─── TASK INPUT ───

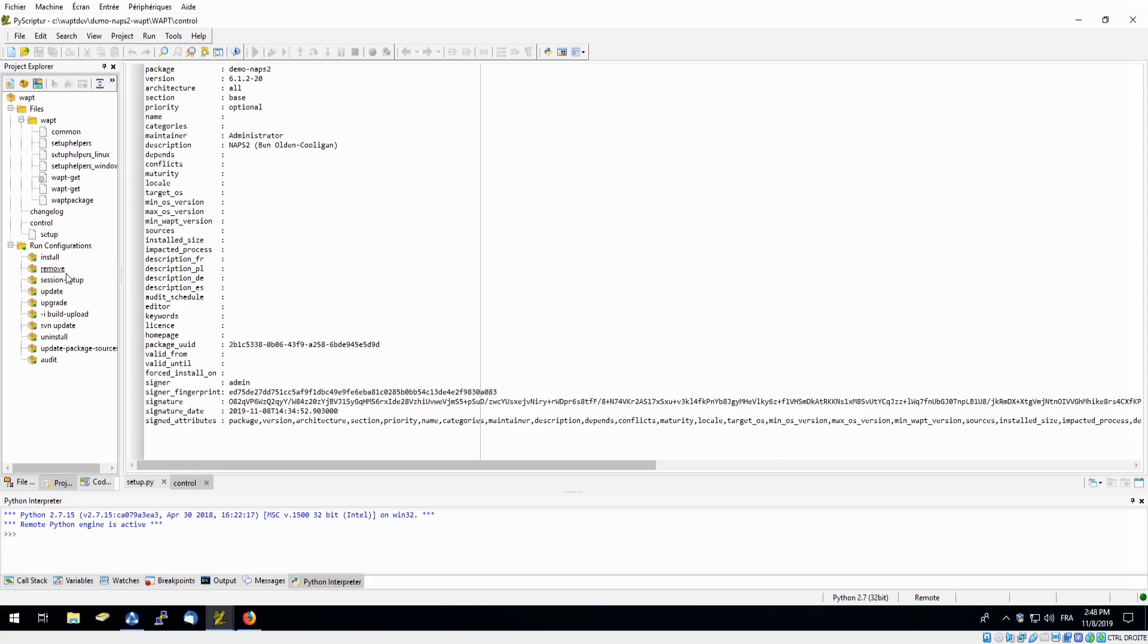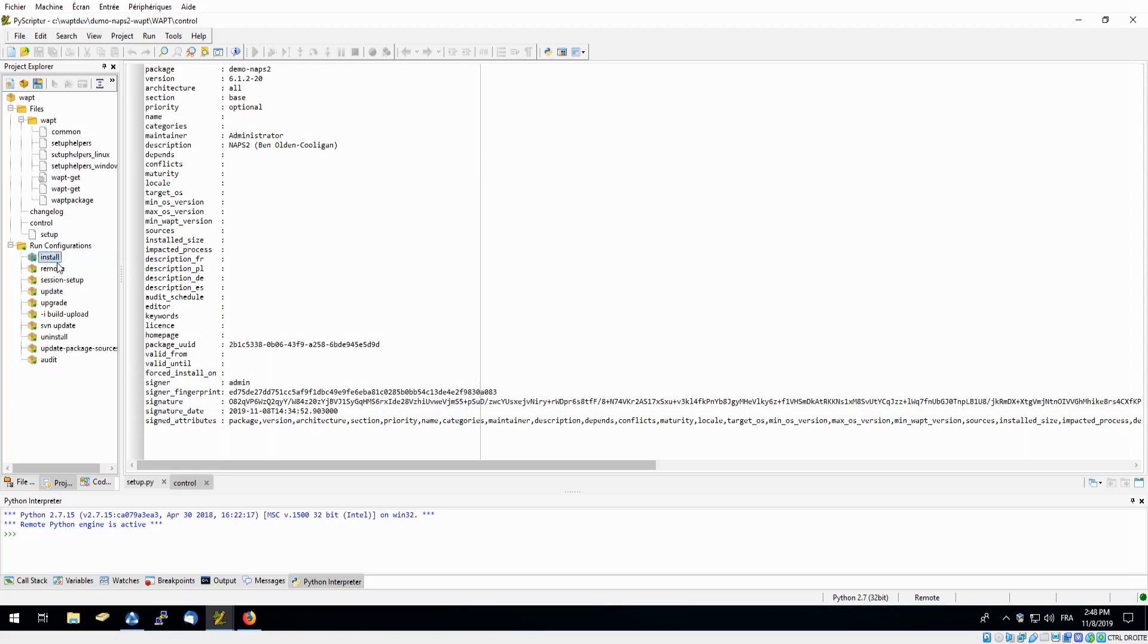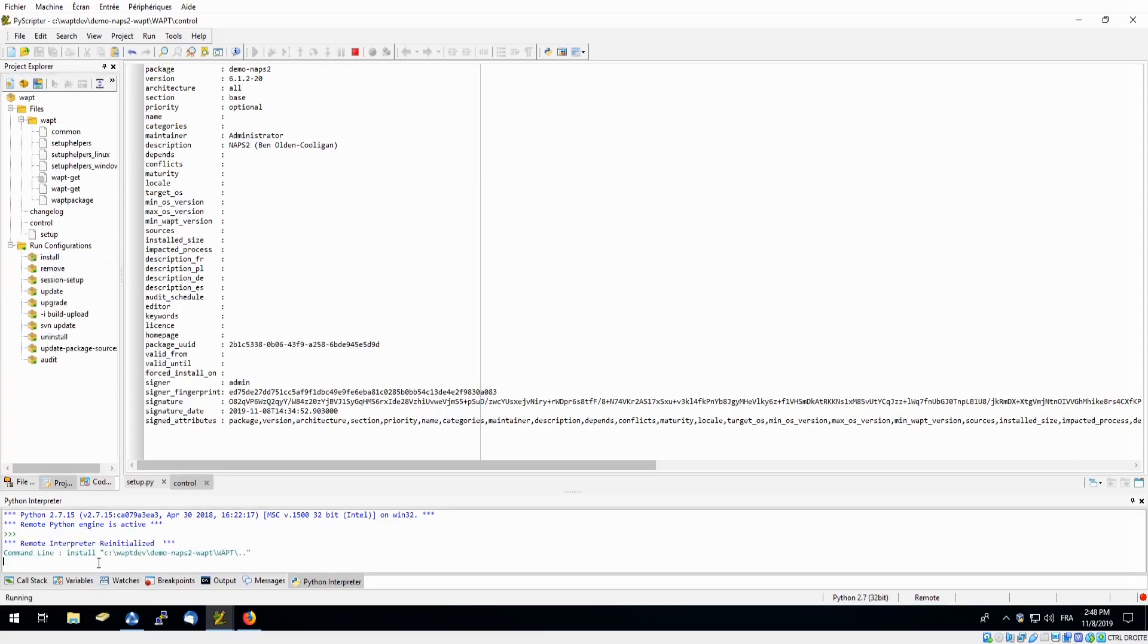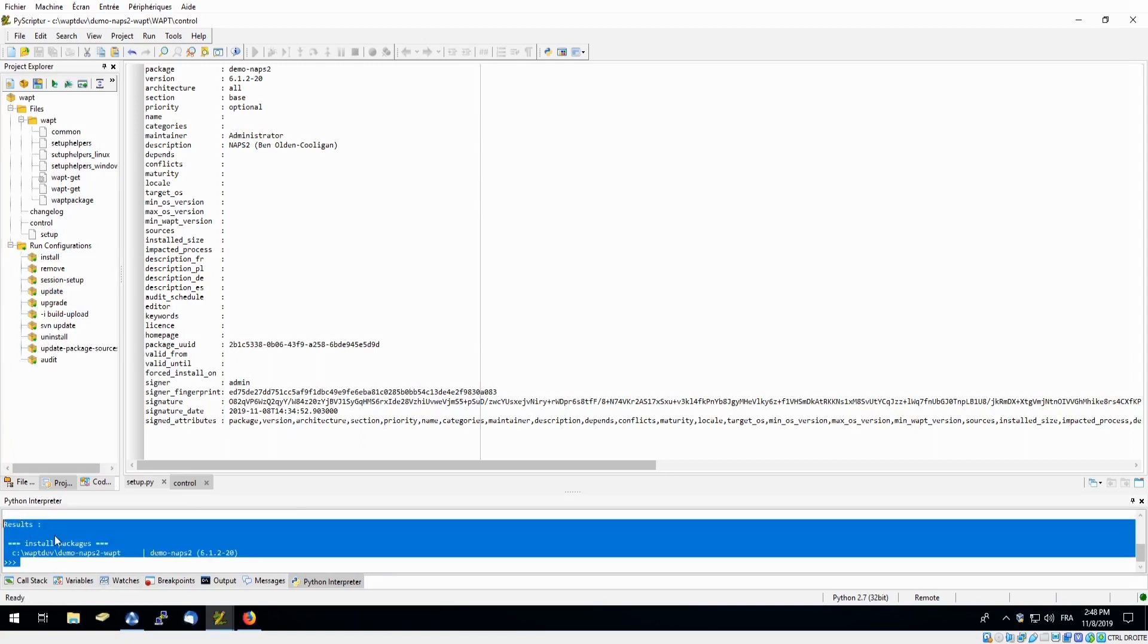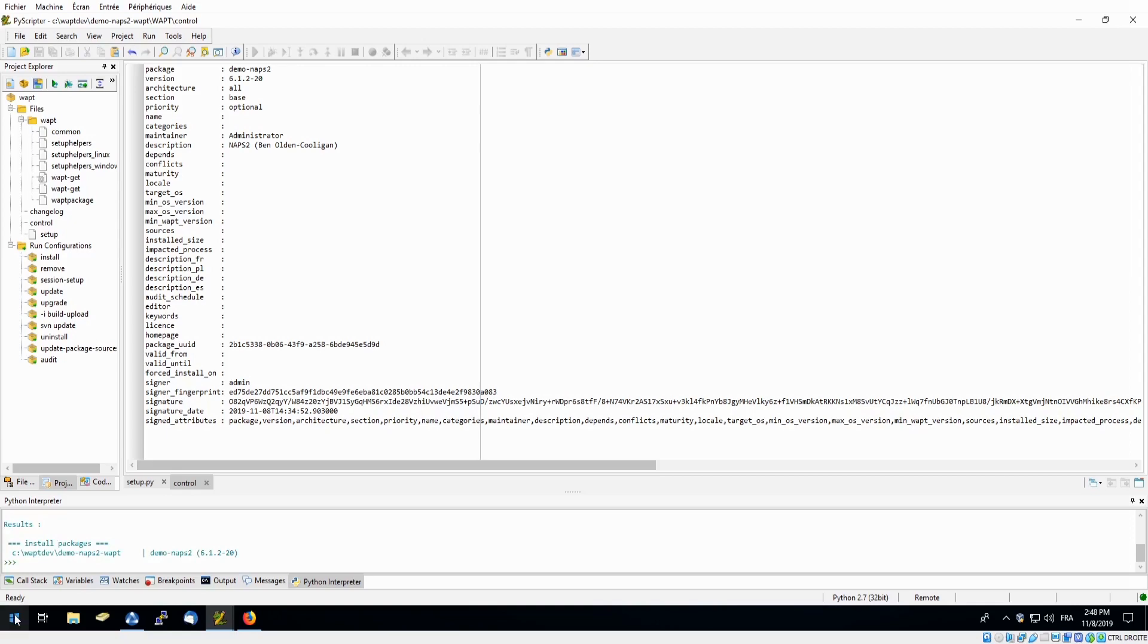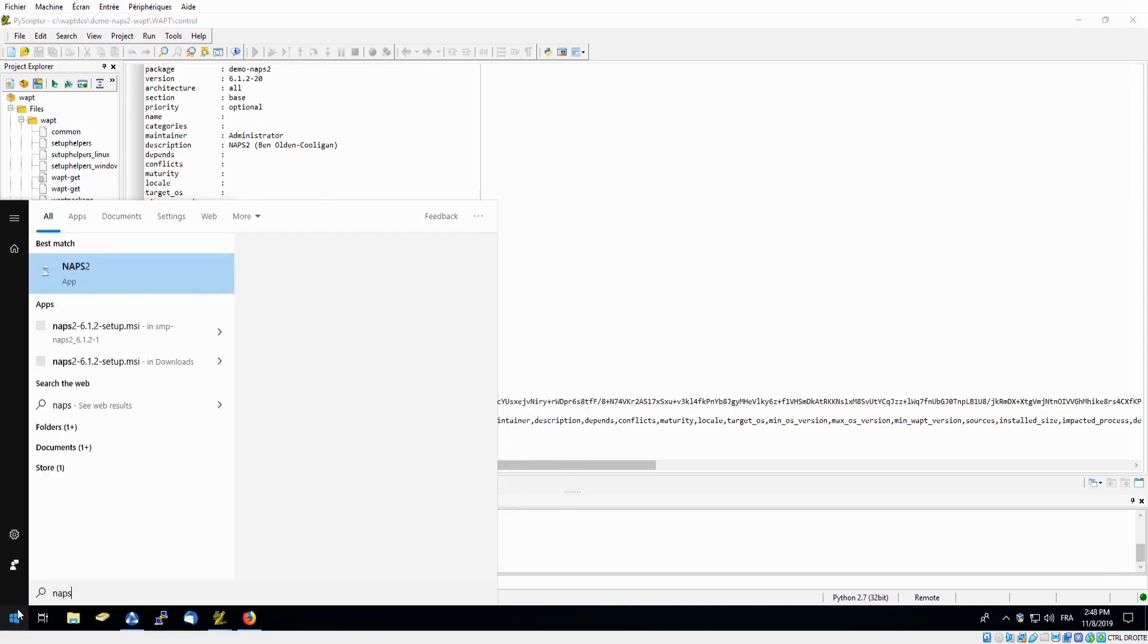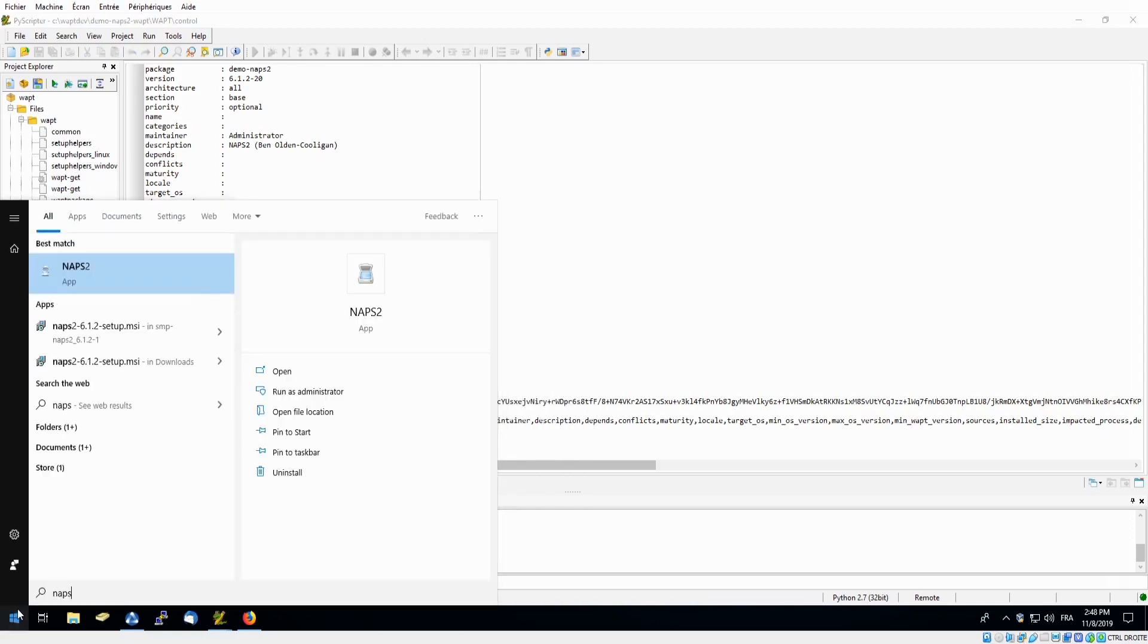So using our scripts we will test the installation here. We will simply right click on install and run. And down in our interpreter we can see the progression of our installation, which says it's successful, so we will search our PC to make sure. And we can see it was successfully installed.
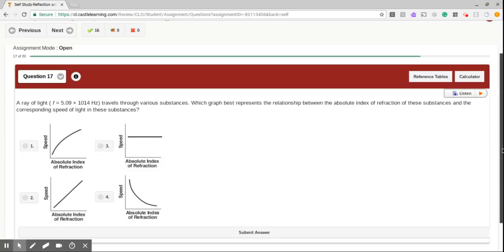Okay, we are in one of these problems. Graphs. Everyone loves these. Everyone loves these. Okay. Not. A ray of light travels through various substances. Which graph best represents the relationship between the absolute index of refraction of these substances and the corresponding speed of light in these substances. Okay. So right off the bat, we know that as the absolute index of refraction increases, the speed will decrease. Does that ring a bell to anyone?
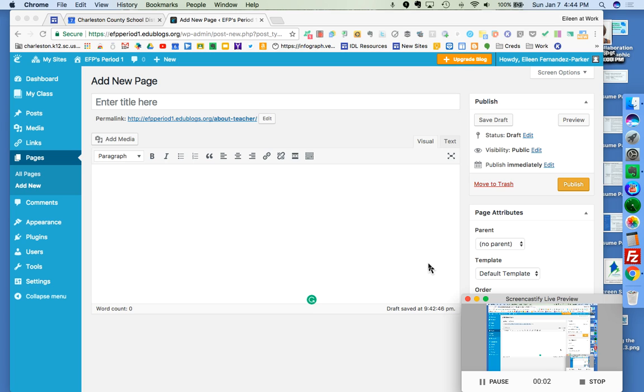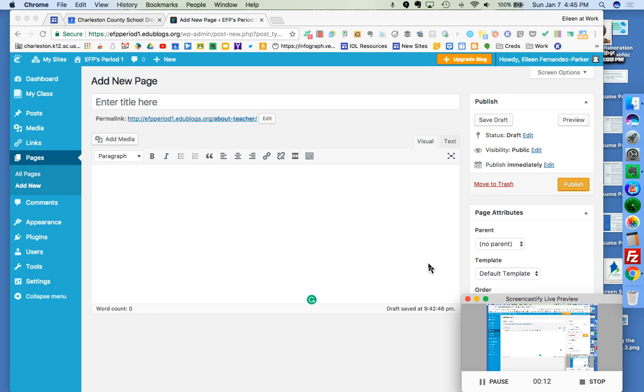Hey, this is Aileen Fernandez Parker and in this step I'm going to show you how to add static pages to your EduBlog. This is exactly the same as how you would do it on WordPress. So if you're familiar with that, you're already set to go.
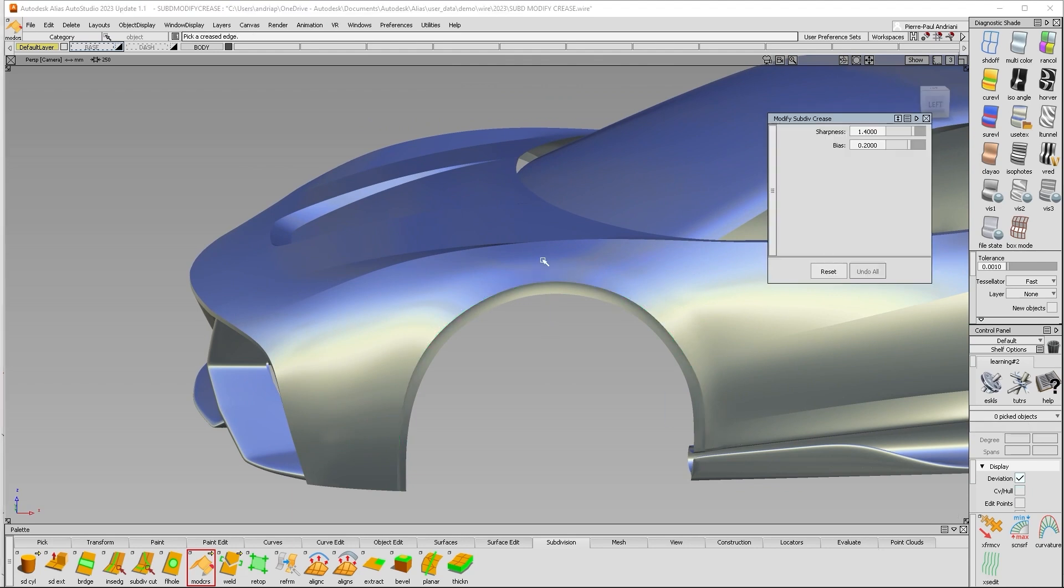So that's modify crease. Thank you everyone for watching my video and we'll catch you next time.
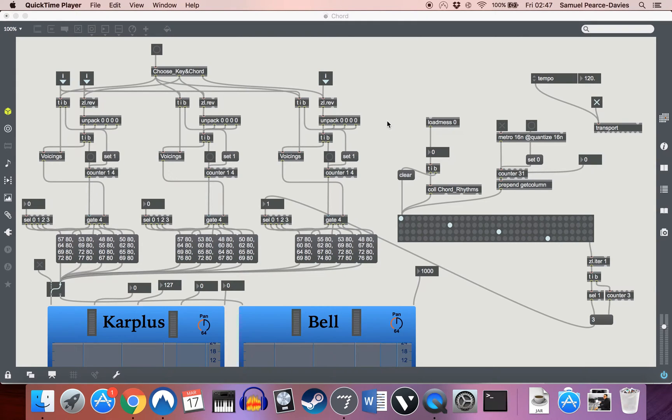Hello everyone, this is Samuel Pearce-Davis again with the next in the series of algorithmic patches in MAX MSP.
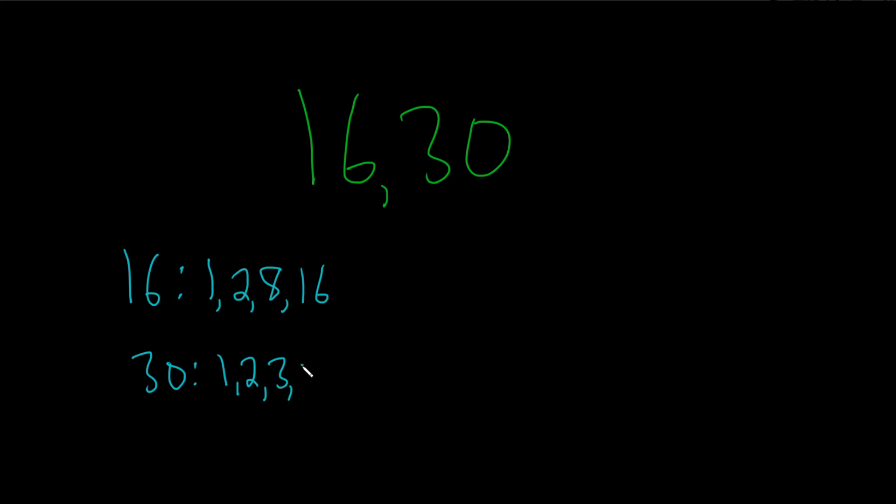5 works because 5 times 6 is 30. Likewise, 6 works. 7, 8, and 9 don't work. 10 will work. The next one that will work is 15, and then after that, we're left with 30.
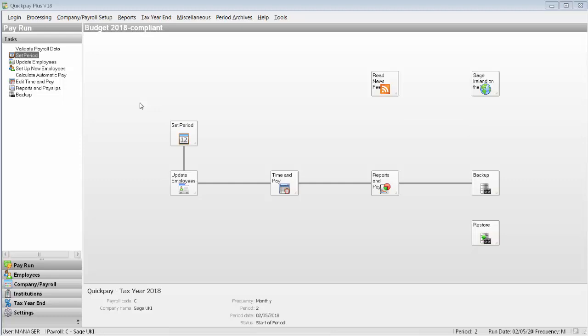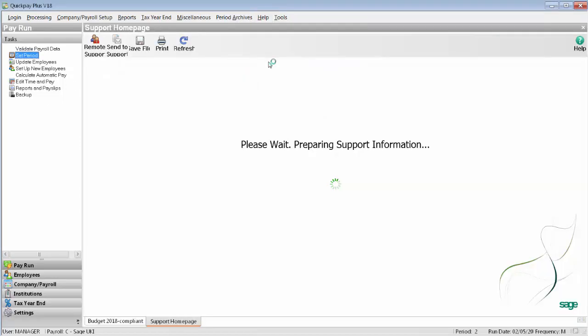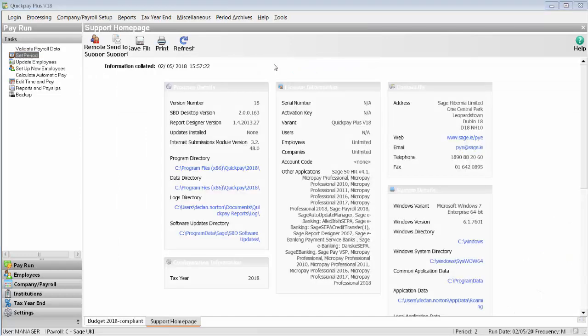During the migration process, the converter will need to know where your program files are held for Sage QuickPay. To check this now, click Help, then System Information. Under the section Program Directory, make a note of the path.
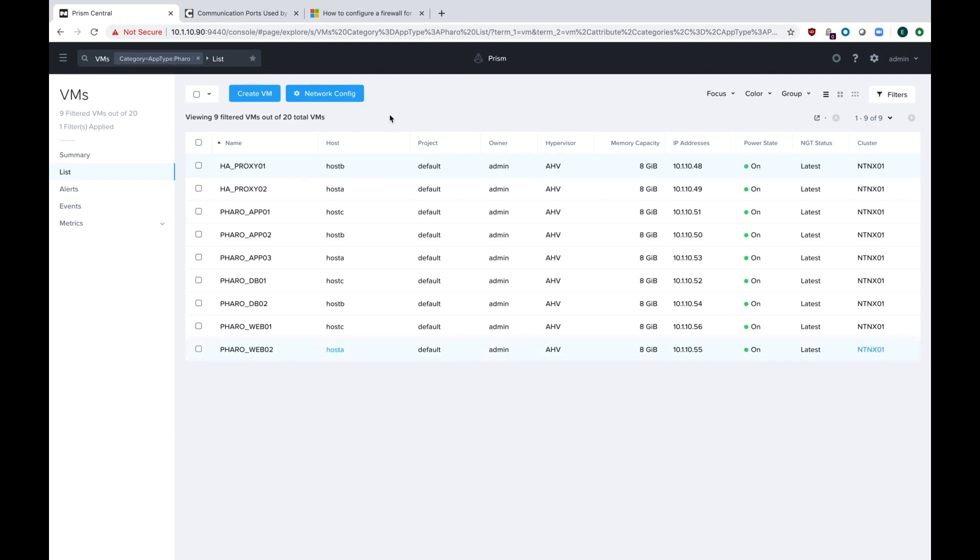Hello, this is Eric Wamsley, Systems Engineer with Nutanix, coming at you today with another part of our series on Flow, otherwise known as our micro-segmentation product.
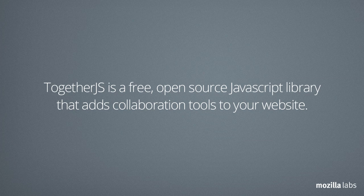TogetherJS is a free open-source JavaScript library that adds collaboration tools to your website.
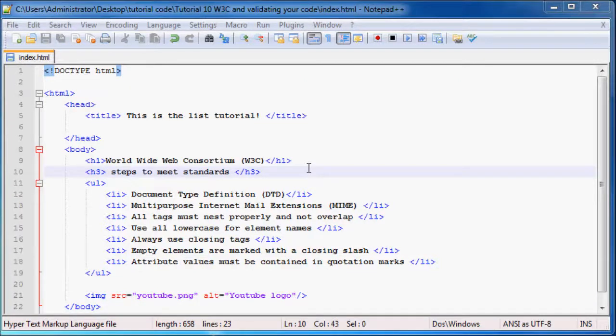Hey YouTube, what is up and welcome back to tutorial number 10. It's Quinton here and in this tutorial I just want to talk to you guys quickly about the W3C.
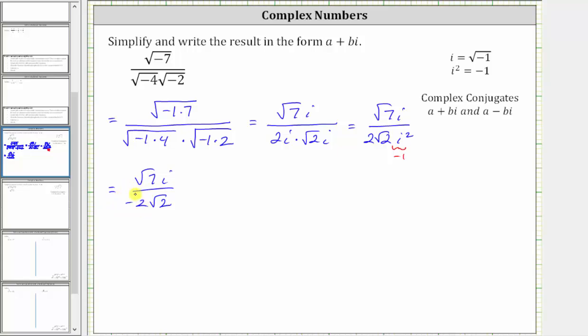Notice we have this negative in the denominator. We can move this negative out in front of the fraction, or even up into the numerator, because we know a positive divided by a negative is negative.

───

▶ EXERCISE DIRECTIONS:
Word for word, write out the lines above running from the one with "Hello, this is" up to and including the one with "TogetherJS is a". Drop any picture.

▶ RESULT OF THE EXERCISE:
Hello, this is Eric Wamsley, Systems Engineer with Nutanix, coming at you today with another part of our series on Flow, otherwise known as our micro-segmentation product.
TogetherJS is a free open-source JavaScript library that adds collaboration tools to your website.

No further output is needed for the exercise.